En el elenco de esta película con movimiento de masas que es la Semana Santa, hay un artista al que, si aquí hubiera alfombra roja y noche de Hollywood, yo le concedería todos los años el Oscar al mejor actor de reparto: el saetero. El saetero, sea conocido, como Perejil o El Sacri, sea un mito del cante, como Manuel Mairena, sea anónimo, es quien mejor se sabe su papel. Aplica un lema que sería todo un programa de gobierno para los políticos: «Servir y desaparecer». El gran motor de la Semana Santa, junto a la fe y a la devoción, es indudablemente la vanidad, cuando no la emulación. Muchas cofradías son cuanto son por emulación, cuando no por envidiosa imitación. Mucha gente de las cofradías está en ese mundo por vanidad. En las paradojas de Sevilla, existe una vanidad a cara tapada, con el antifaz, que es la del que lleva la vara dorada de hermano mayor y todo el mundo conoce aunque no se le vea el rostro. Por ir con esa vara se muere y se mata en las elecciones cofradieras. ¡Y eso que no es a cara descubierta! Id en estas mañanas de Semana Santa por los templos donde a la tarde saldrán cofradías, y podréis observar un importante catálogo de vanidosos sevillanos, alimentando su ego en nombre de Cristo o de su Madre, como pavos reales por allí, figuroneando con la medalla al cuello, con el escudo de la hermandad en la solapa, en el pisacorbatas y yo creo que algunos hasta bordado en los calzones blancos.

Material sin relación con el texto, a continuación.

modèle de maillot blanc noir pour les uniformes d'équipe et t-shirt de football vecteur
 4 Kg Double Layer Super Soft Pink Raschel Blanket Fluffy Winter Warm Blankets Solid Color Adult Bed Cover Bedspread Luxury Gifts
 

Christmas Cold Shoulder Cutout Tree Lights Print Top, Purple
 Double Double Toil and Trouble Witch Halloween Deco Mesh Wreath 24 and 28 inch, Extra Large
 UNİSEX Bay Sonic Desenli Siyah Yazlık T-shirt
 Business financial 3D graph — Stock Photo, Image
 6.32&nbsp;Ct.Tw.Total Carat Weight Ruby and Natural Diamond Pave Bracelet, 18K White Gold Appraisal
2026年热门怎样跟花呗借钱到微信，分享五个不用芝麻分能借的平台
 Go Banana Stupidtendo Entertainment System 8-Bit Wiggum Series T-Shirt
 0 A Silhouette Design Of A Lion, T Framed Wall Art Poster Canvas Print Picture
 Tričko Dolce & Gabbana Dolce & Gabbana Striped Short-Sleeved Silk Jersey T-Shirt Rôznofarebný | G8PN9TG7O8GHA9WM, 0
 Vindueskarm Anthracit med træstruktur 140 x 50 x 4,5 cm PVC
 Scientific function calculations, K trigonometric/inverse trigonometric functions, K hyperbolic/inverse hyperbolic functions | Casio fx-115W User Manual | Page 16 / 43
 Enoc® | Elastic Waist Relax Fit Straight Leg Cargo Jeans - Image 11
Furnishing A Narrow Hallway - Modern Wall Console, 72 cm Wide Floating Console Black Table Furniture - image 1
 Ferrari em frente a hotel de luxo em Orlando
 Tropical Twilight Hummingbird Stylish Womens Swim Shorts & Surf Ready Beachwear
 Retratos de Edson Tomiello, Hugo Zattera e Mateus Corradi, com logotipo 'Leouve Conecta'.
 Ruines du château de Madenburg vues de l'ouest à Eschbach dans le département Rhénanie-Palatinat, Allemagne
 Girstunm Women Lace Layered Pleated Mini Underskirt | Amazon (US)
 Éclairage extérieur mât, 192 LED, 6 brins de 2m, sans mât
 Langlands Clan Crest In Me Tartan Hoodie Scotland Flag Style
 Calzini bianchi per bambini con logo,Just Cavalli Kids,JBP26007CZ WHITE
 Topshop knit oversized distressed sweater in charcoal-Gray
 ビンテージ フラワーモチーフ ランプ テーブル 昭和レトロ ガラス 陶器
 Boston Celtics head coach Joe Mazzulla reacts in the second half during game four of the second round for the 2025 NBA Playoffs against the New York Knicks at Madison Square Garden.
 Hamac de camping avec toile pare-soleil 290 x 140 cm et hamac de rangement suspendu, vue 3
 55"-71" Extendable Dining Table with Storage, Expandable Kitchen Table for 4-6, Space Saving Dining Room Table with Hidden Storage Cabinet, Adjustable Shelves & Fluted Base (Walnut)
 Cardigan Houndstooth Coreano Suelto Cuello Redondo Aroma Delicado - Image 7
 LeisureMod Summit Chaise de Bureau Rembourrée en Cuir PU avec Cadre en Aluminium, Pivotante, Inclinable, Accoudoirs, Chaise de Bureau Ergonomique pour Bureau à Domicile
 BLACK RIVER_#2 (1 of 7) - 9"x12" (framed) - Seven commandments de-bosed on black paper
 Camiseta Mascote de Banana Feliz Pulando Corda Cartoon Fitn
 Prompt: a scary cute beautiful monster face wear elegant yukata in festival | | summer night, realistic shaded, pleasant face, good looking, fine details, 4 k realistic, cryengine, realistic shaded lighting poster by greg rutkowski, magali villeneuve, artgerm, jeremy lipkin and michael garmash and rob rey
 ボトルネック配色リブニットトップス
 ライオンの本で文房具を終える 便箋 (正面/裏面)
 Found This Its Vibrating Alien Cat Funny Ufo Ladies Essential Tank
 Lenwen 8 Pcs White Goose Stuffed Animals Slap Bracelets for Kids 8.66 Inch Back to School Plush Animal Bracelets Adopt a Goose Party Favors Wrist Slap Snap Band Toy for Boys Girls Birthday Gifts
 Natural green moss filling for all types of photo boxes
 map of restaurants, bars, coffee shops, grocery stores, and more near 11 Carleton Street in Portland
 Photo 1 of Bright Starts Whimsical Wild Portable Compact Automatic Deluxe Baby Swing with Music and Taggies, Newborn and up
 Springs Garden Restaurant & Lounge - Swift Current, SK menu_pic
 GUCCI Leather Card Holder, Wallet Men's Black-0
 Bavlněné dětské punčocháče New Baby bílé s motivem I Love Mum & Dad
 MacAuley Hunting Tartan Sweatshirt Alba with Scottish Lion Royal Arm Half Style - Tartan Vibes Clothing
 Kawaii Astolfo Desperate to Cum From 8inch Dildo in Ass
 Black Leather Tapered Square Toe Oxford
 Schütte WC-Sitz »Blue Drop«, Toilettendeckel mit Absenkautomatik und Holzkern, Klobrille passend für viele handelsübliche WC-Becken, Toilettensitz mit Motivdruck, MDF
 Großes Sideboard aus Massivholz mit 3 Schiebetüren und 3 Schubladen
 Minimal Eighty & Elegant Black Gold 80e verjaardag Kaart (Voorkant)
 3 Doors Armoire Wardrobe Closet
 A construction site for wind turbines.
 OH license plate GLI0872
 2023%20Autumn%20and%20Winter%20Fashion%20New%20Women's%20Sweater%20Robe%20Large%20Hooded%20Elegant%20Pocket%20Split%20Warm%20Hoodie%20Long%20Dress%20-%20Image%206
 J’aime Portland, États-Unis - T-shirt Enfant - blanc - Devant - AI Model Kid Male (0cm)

El saetero es la otra cara de esta moneda. Llega al balcón desde donde va a cantar a la cofradía y no está allí asomado, exhibiéndose, para que la gente lo vea. Y eso que muchas veces se sabe, y la gente mira para arriba, y comenta:

—En ese balcón hay saeteros.

Pero contemplan un balcón vacío. O con personas de la casa, que nada tienen que ver con el cantaor. El cantaor está donde tiene que estar: dentro, templando la voz, aguardando el momento en que ha de salir a decir su oración de cinco versos. Nunca vi a ningún cantaor roneando de balcones antes de su saeta. Sale en el momento preciso, cuando alguien entra desde el balcón y le dice:

—¡Venga, que ya está ahí el paso!

Y el saetero sale, y se agarra a los fríos hierros de la barandilla del balcón, y dice su cante, y su mano va marcando el compás de su oración flamenca, y no se inmuta ni cuando la calle toda, en el momento justo, al final exacto del tercio donde hay que decirlo, rubrica sus palabras con un perfecto óle colectivo. Y termina de cantar, y se santigua ante el Cristo que le tiende su clavada mano hasta el balcón donde le ha cantado, y los hierros de la barandilla donde sus manos antes se agarraban, atenazándolos, son ahora el resorte que lo hace desaparecer como un rayo al interior de la casa, mutis perfectamente sincronizado con el aplauso de los que ven la cofradía. El saetero no se queda allí para recibir los aplausos. No hay saludos al público. Nunca corresponde a la ovación a su cante. Sabe que lo verdaderamente importante allí es el Cristo o la Virgen. Ha cumplido su lema: «Servir y desaparecer». En la ciudad de vanidades, ¡qué lección de humildad la del saetero!